Tesla’s response to a Cybertruck explosion outside President-elect Trump’s Las Vegas hotel on New Year’s Day has raised serious concerns about vehicle data and privacy.
Investigators say 37-year-old Matthew Livelsberger killed himself moments before the rented Cybertruck exploded. Investigators are still sifting through evidence, but Tesla has already made statements that show how much data the company was collecting.
Some of the first answers in the case came from Tesla founder Elon Musk, who wrote on social platform X that “we have 1736252824 confirmed that the explosion was caused by very large fireworks or a bomb carried in the bed of the rented Cyber truck and is unrelated to the vehicle itself. All vehicle telemetry was positive at the time of the explosion.”
That indicates the Cybertruck was transmitting data up until the explosion. Las Vegas Metro Police and the FBI have been using that data to help piece together the case.
“I have to thank Elon Musk specifically for being able to capture all of the video from the Tesla charging stations across the country,” one official said. “He sent that directly to us. We tracked his movements through the Tesla charging station to Monument.

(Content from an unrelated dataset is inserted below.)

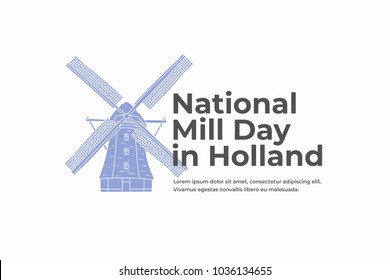 Blue hand drawn Holland windmill. Symbol of Netherlands. National mill day in Holland. Design for tourist catalogs, leaflets, postcards, brochures. Vector illustration.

Colorado, on December 30. On the 31st of December, the truck was charged in Trinidad, Colorado; Las Vegas, New Mexico; and Albuquerque and Gallup, New Mexico.”
Authorities confirmed that the Cybertruck was not in full self-driving mode at any point during the incident.
Investigators have also recovered a microchip from the vehicle. They have not shared any video from inside the truck, which could yield even more information, but this is still the most high-profile example of how modern cars collect information on their drivers and those around them.
Tesla is not the only brand to collect this data, with most automobile companies engaging in similar activities.
A 2023 study from the Mozilla Foundation found that 75 percent of car brands said they can share or sell driver data, and 84 percent of car brands said they can share driver’s personal data, with 76 percent saying they can sell your personal data.
That has privacy experts warning that people’s own cars are the most heavily surveilled part of their day-to-day lives.